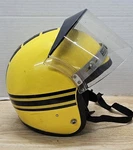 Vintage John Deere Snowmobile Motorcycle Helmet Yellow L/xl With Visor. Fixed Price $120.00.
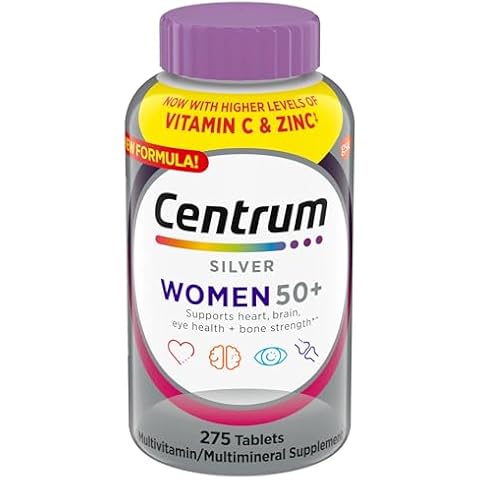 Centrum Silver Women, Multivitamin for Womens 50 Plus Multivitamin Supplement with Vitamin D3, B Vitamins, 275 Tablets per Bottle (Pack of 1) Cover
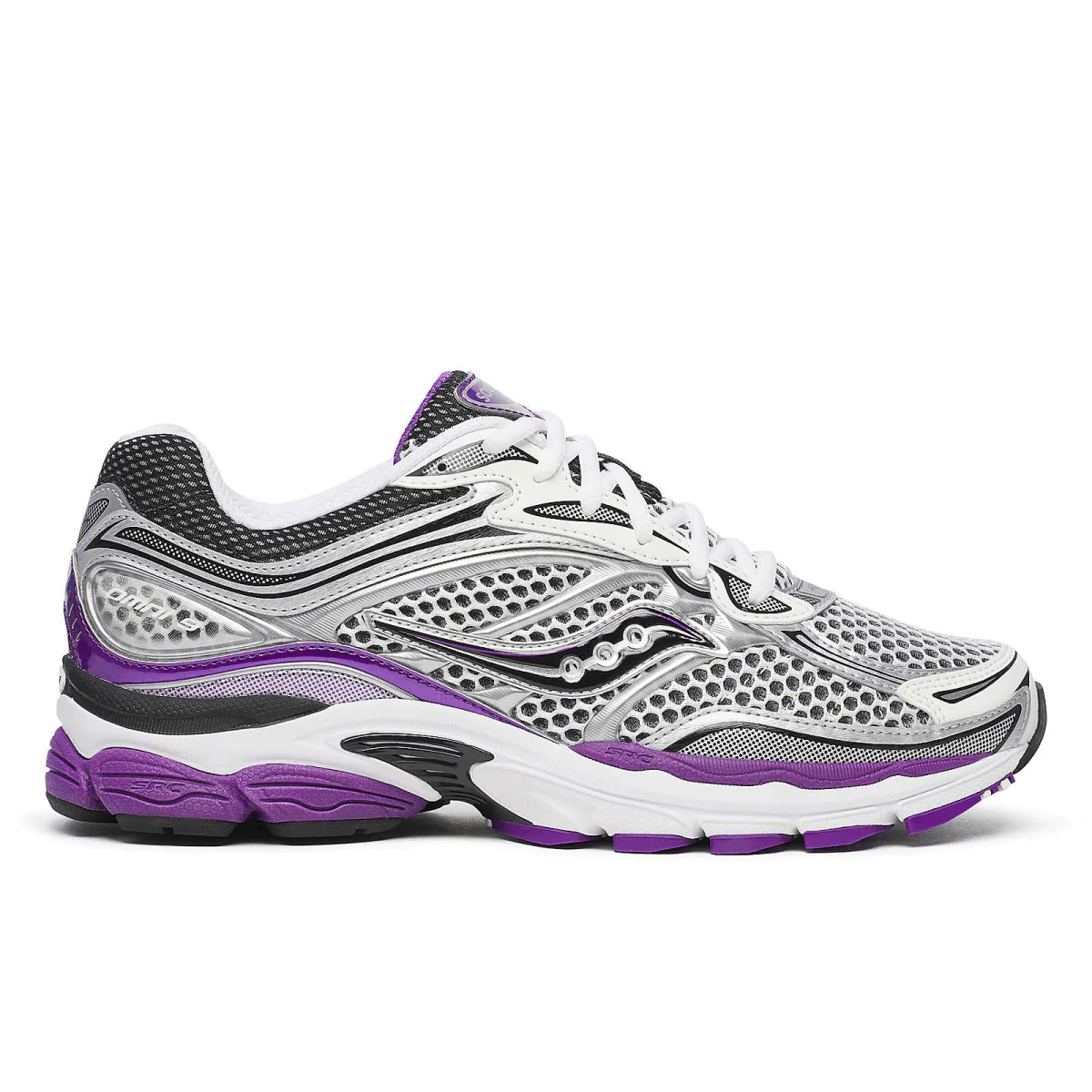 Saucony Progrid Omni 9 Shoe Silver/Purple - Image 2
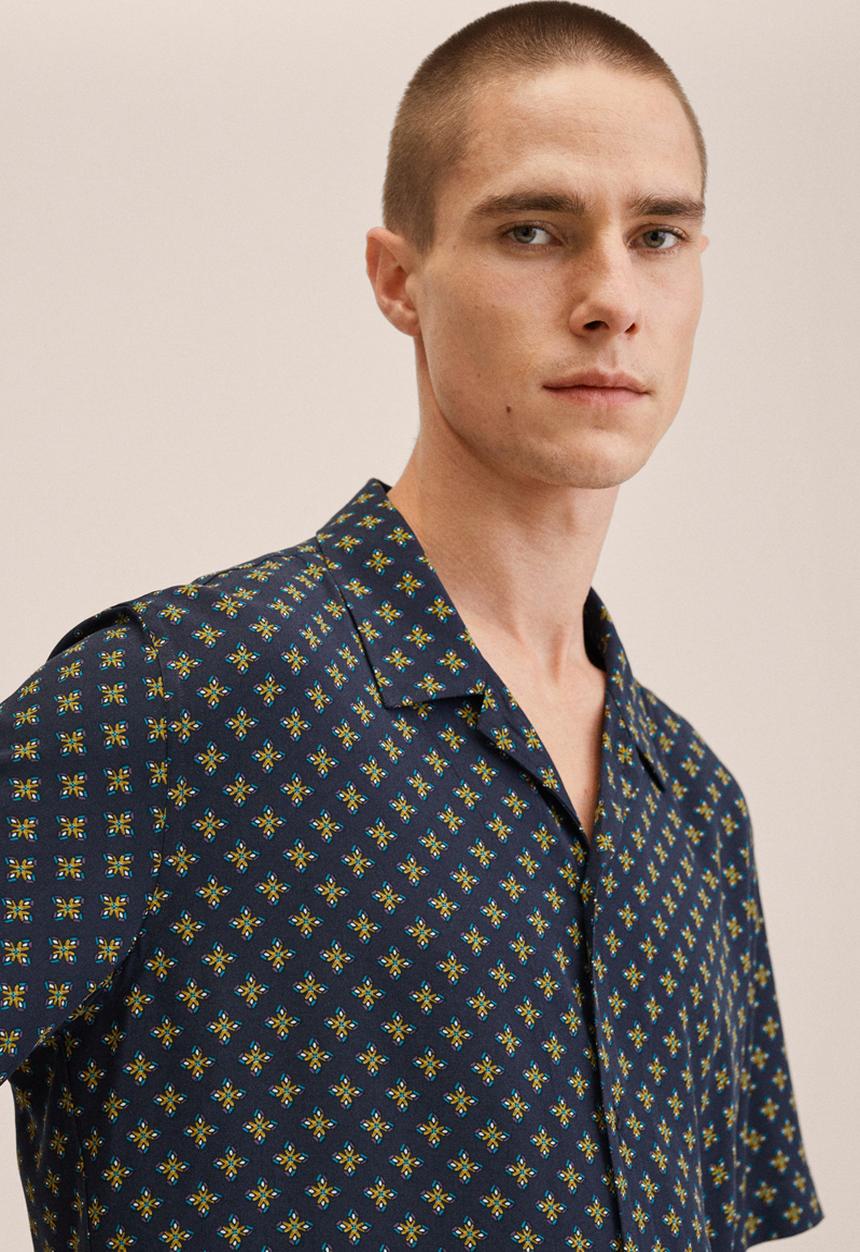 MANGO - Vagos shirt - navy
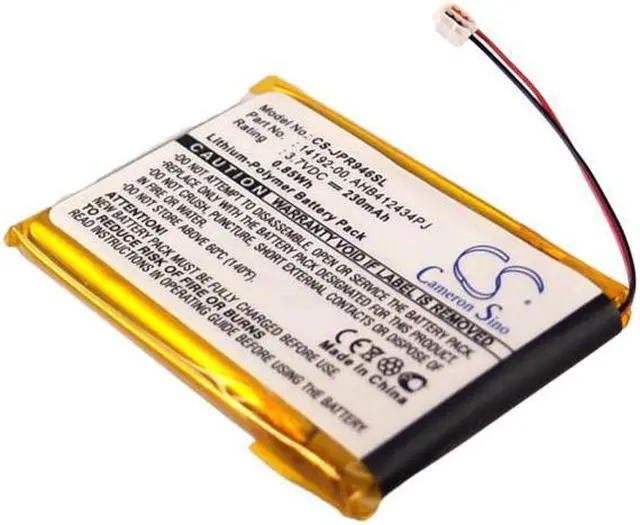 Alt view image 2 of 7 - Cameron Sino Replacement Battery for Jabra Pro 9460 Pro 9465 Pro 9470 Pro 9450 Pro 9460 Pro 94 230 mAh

**TASK REQUIREMENTS**
For this exercise, output the records exactly but omit their pictures.

**OUTPUT BELOW**
 Vintage John Deere Snowmobile Motorcycle Helmet Yellow L/xl With Visor. Fixed Price $120.00.
 Centrum Silver Women, Multivitamin for Womens 50 Plus Multivitamin Supplement with Vitamin D3, B Vitamins, 275 Tablets per Bottle (Pack of 1) Cover
 Saucony Progrid Omni 9 Shoe Silver/Purple - Image 2
 MANGO - Vagos shirt - navy
 Alt view image 2 of 7 - Cameron Sino Replacement Battery for Jabra Pro 9460 Pro 9465 Pro 9470 Pro 9450 Pro 9460 Pro 94 230 mAh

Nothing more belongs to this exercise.